日常をユーモラスに彩る異才
ピーター・マクドナルド(Peter McDonald, 1973–)は、現代の日常風景を、アクリルガッシュによる鮮やかな色彩と特徴的な“大きな頭”の人物で描く現代美術家です。空港、ビーチ、美術館、街角のショップやジムといった、誰もが身近に感じる場面を、ユーモラスかつ軽やかな筆致で切り取り、観る者に笑みと発見をもたらします。大胆な色の組み合わせと簡潔な形態は、一見シンプルながら、現代の人間関係や社会の空気感を静かに映し出します。
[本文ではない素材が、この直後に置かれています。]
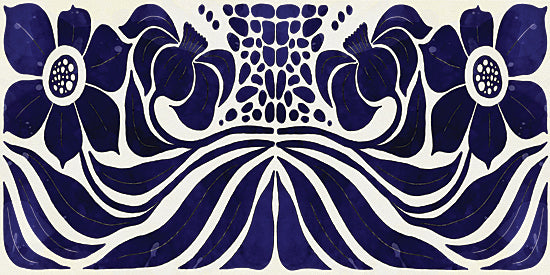 Nicole DeCamp ND699 - ND699 - Navy & White Abstract Floral III - 18x9 flower pattern, stylized floral arrangement, decorative symmetry, modern folk art, botanical motif in blue from Penny Lane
1973年、東京都生まれ。ロンドン在住。2000年、ロイヤル・アカデミー・スクールズ・ロンドン修士課程絵画科を修了。以降、国際的に活動を展開し、個展「This, that and the other」(ディオ・ホリア、ギリシャ、2018)や「言語のマッシュルーム」(ケイト・マッガリー画廊、ロンドン、2017)を開催。森美術館「六本木アートナイト」(東京、2016)などのグループ展にも参加。2008年にはJohn Moores絵画賞を受賞し、その名を広く知られるようになりました。
ユーモラスな日常の断片
日常生活に登場する人々や風景を、大きな頭部とミニマルな身体でデフォルメ。シーンごとの軽快な空気感と、人間関係の距離感を巧みに描きます。
アクリルガッシュの鮮やかさ
予想外の色彩の組み合わせにより、何気ない日常を祝祭的な場面へと変換。色そのものが人物や場面の感情を代弁します。
人生への讃歌
コロナ禍を経た近年の作品では、《Together》《House Party》《New Friend》といったタイトルが示すように、人と人が集い、語り合い、楽しむことの喜びを描き出します。
マクドナルドはヨーロッパ、アジアを中心に個展・グループ展を多数開催。2022年から2024年にかけて制作された新作群では、15点の小型キャンバス、12点のドローイング、5点のリトグラフを発表。リトグラフはバルセロナの老舗工房「ポリグラファ・オブラ・グラフィカ」で制作され、精緻かつ温かみのある仕上がりで好評を得ています。
マクドナルドの市場評価は安定しており、特に代表的な“大きな頭”シリーズは国内外コレクターに根強い人気を誇ります。近年は小型作品や版画作品も市場に流通しやすくなり、新規コレクター層の獲得にも成功。オリジナル作品は色彩の完成度と軽妙なストーリーテリングで高値を維持しています。
ピーター・マクドナルドの描く“大きな頭”の人物たちは、現代社会の空気感を映す鏡であり、同時に人生の喜びを祝福する存在でもあります。今後も国際的な舞台で、多様な人々の共感を呼び続けることでしょう。